National Guard Members With 'Questionable' Behavior Removed From Inauguration Duty

by Julie Scagell
Stefani Reynolds/Getty

The FBI did not say what fringe group the Guard members belonged to

A dozen U.S. Army National Guard members have been removed from security detail for Joe Biden’s presidential inauguration after questionable behavior was discovered by authorities ranging from ties to fringe right-group militias and questionable social media posts, a U.S. Army official confirmed.

The Federal Bureau of Investigation announced it would be vetting all 25,000 National Guard troops who were stationed in Washington, D.C. this week after the violent insurrection in the Capitol was found to have insider military ties.

“I’m not concerned as a large part of our organization, if you look at 25,000, we’ve had 12 identified and some of those they are just looking into, it may be unrelated to this, but we want to make sure out of an abundance of caution as I stated earlier that we do the right thing until that gets cleared up,” Army Gen. Daniel Hokanson told reporters.

”We’re continually going through the process, and taking second, third looks at every one of the individuals assigned to this operation,” Army Secretary Ryan McCarthy said in an interview with The Associated Press.

No plot against Biden has been found.

McCarthy also noted that he and other military leaders went through a three-hour security drill in preparation for Biden’s inauguration, and that Guard members are also getting training on how to identify potential threats coming from inside their detail. According to McCarthy, service members from across the military were at the rally which led to the insurrection, but it’s not clear yet how many participated in it.

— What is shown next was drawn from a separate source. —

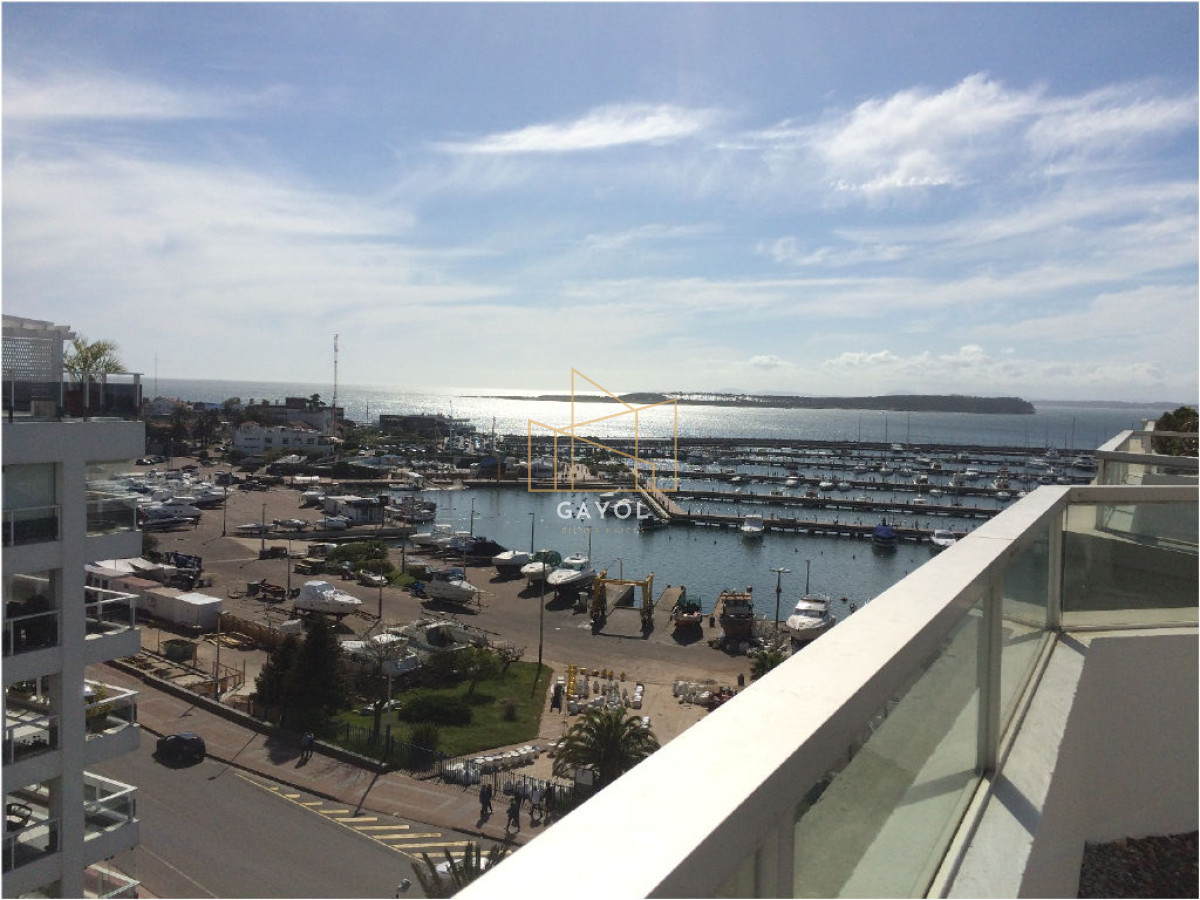 Apartamento ID.461 - Apartamento en venta de 2 dormitorios en Peninsula , Puerto , Punta del este 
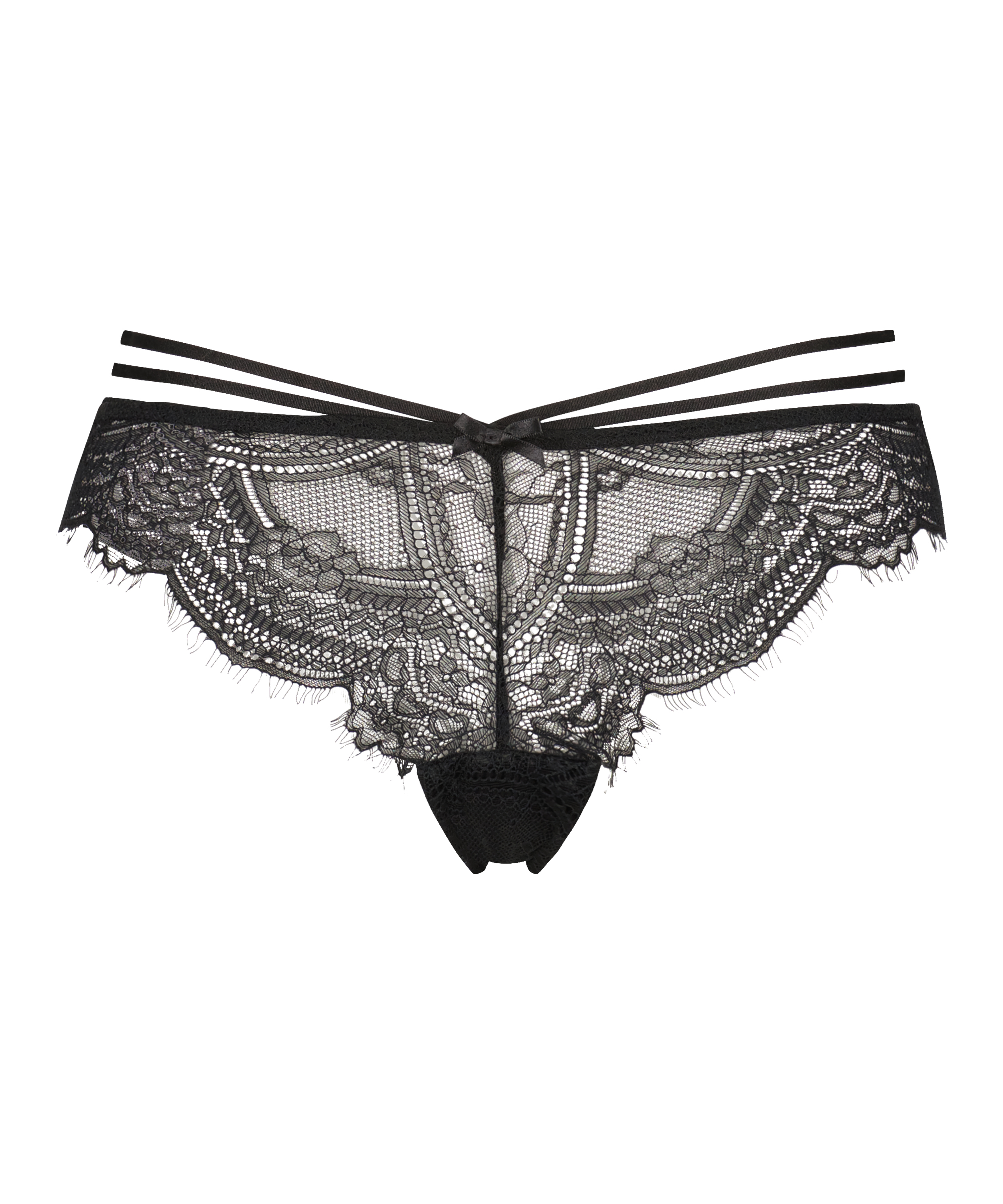 Brasiliansk truse Sian, Svart, main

The vetting itself consists, in part, of running names through databases and watchlists maintained by the FBI to see if anything about their background comes up including involvement in prior investigations or terrorism-related activities. The bulk of the Guard members will be armed during the inauguration event.

The National Guard Bureau referred questions to the U.S. Secret Service when speaking to the AP, and said, “Due to operational security, we do not discuss the process nor the outcome of the vetting process for military members supporting the inauguration.”

This isn’t the first time a Guard member has been removed over safety concerns. Over the summer, an Ohio National Guard member was removed from a mission in Washington, D.C., after the FBI found they’d expressed white supremacist ideology on the internet. The vetting for the inauguration, however, remains top of mind given the recent events at the Capitol.

“This is a national priority. We have to be successful as an institution,” said McCarthy. “We want to send the message to everyone in the United States and for the rest of the world that we can do this safely and peacefully.”

With just 24 hours until Inauguration Day, the troops are present to protect the building and those inside of it but we also must ensure they aren’t taking part in any violent acts themselves.